■ DIRECTIONS FOR THIS TASK: Copying exactly, give the lines in the material below from the one with "Darrahopens Electronics >" to the one with "Citizen Tsuyosa Automatic Watch", ends included, and nothing besides.

Segment Start: RECORDS

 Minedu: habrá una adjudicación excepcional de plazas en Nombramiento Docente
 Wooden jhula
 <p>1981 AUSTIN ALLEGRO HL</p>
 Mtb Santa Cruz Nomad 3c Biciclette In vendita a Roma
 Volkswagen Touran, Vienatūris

Segment End: RECORDS
Segment Start: RECORDS

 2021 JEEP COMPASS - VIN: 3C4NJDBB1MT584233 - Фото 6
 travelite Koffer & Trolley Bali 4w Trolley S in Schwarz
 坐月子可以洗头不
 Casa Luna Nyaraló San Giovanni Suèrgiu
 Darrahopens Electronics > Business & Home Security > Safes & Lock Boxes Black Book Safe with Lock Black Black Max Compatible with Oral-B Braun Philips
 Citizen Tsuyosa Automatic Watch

Segment End: RECORDS
Segment Start: RECORDS

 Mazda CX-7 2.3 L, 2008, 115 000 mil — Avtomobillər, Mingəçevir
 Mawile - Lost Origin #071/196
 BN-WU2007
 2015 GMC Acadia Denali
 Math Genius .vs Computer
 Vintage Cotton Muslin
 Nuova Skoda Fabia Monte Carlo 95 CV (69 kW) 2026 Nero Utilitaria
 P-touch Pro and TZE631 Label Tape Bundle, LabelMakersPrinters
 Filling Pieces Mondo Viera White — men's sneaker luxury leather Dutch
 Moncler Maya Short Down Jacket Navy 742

Segment End: RECORDS

■ TASK RESULT:
 Darrahopens Electronics > Business & Home Security > Safes & Lock Boxes Black Book Safe with Lock Black Black Max Compatible with Oral-B Braun Philips
 Citizen Tsuyosa Automatic Watch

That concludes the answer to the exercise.